James Kinds - Love You From The TopJames Kinds, the tried-and-true working bluesman, has recently released Love You From The Top, a righteously soulful album packed with West Side Chicago sound. While Kinds has recorded other albums in the past, this is his first widely available release, despite the fact that he’s been a working musician for nearly 40 years.

James wrote all of the material himself, and brought in the expertise of Eddie Shaw, the Mississippi-turned-Chicago bluesman, who was part of Muddy Waters band and eventual bandleader for Howlin’ Wolf’s band. Shaw lends a stinging, vibrant tenor saxophone on several tracks. The rhythm section is handled by Claude Thomas on drums and Anthony Dotson on bass. Al Pool does great work with the second guitar.

Most songs adhere to the twelve bar standard, and aren’t necessarily packed with originality. There’s certainly a feel that this band’s sound was forged in the clubs, which has both positive and negative qualities. At times the beats are loose, and on a couple of tracks, the band has some minor issues hang-ups staying together. One of the most positive aspects, however, is the band’s devotion to giving all of their energy to every track on the album, which makes the difference between “just another album” and one in which the music shines. Despite the aforementioned issues, one of the biggest draws to this album is James’ dynamic, soulful voice.

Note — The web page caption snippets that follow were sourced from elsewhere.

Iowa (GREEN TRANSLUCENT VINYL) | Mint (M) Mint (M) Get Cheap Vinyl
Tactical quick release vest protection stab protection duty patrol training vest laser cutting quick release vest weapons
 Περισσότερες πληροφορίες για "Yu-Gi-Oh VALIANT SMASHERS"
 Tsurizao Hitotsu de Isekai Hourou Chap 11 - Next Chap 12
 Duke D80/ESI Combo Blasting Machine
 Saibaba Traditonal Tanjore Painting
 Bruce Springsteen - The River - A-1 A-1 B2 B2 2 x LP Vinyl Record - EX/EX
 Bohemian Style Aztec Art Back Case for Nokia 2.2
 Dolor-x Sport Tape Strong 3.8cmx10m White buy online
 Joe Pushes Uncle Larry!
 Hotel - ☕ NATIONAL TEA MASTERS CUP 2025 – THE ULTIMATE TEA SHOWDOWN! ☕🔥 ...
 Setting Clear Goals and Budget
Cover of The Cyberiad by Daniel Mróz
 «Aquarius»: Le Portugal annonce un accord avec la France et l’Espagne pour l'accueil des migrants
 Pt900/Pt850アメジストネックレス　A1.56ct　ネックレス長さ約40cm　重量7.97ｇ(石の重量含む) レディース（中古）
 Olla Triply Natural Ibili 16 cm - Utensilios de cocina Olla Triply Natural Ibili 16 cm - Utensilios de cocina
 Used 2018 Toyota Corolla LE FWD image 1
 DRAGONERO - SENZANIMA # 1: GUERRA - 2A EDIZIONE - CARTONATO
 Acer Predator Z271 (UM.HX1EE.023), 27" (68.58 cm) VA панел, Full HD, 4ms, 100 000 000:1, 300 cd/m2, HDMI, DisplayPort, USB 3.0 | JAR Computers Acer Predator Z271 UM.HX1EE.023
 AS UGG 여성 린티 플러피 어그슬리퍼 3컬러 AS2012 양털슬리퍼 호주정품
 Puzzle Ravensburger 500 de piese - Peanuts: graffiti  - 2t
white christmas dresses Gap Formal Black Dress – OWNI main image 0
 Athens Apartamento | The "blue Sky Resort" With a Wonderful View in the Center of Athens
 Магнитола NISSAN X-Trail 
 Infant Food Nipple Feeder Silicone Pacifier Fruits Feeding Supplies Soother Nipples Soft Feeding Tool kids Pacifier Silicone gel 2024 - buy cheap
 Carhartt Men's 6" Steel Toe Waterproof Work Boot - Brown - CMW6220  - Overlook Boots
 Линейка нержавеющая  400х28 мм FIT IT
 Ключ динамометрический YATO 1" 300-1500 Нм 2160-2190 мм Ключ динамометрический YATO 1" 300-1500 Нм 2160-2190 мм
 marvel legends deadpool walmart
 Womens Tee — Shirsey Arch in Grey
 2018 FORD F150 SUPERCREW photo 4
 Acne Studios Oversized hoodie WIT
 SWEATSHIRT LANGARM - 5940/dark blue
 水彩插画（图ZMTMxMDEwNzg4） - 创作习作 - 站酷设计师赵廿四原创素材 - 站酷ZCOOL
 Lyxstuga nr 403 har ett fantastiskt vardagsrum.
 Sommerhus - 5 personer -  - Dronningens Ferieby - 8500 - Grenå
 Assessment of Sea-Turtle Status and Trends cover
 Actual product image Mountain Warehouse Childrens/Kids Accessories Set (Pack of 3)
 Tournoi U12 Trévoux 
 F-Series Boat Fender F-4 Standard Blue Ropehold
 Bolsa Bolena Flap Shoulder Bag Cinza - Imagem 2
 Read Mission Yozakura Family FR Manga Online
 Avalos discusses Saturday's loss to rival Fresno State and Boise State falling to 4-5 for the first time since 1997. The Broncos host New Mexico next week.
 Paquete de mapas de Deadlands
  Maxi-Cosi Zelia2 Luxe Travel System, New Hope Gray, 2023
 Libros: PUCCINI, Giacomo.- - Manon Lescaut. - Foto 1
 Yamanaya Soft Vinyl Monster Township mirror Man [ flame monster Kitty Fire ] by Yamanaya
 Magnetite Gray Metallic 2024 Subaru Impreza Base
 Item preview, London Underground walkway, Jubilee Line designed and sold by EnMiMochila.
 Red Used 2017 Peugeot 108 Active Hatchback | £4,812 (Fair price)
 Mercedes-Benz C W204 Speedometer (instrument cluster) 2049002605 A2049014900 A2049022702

He has a genuine gospel and R&B flare in his music, which is fitting considering Kinds grew up singing gospel.

There’s a combination of sounds in Love You From The Top that tend to keep the tracks fresh, despite the heavy use of the twelve-bar. There’s a strong sound of Chicago’s south side, mixed with soul, R&B and classic blues.  “My Mama Told Me” has a B.B. King kind of slow and sashay style with single note solos, while the album’s title track, “Love You From The Top”, is a solid Chicago track. A notable detour into soul territory comes in the excellent original “Take A Look At Yourself”, a refreshingly soulful sound that could have just as easily come straight from Stax Records. Ultimately, the key to a good blues album is in the delivery, and Kinds and company deliver up their hearts and energy on a silver platter in Love You From The Top.

The long-running blues record label Delmark Records has done much to chronicle the rich sounds of the Midwest’s blues, and James Kinds’ album is another admirable addition to their always-growing repertoire.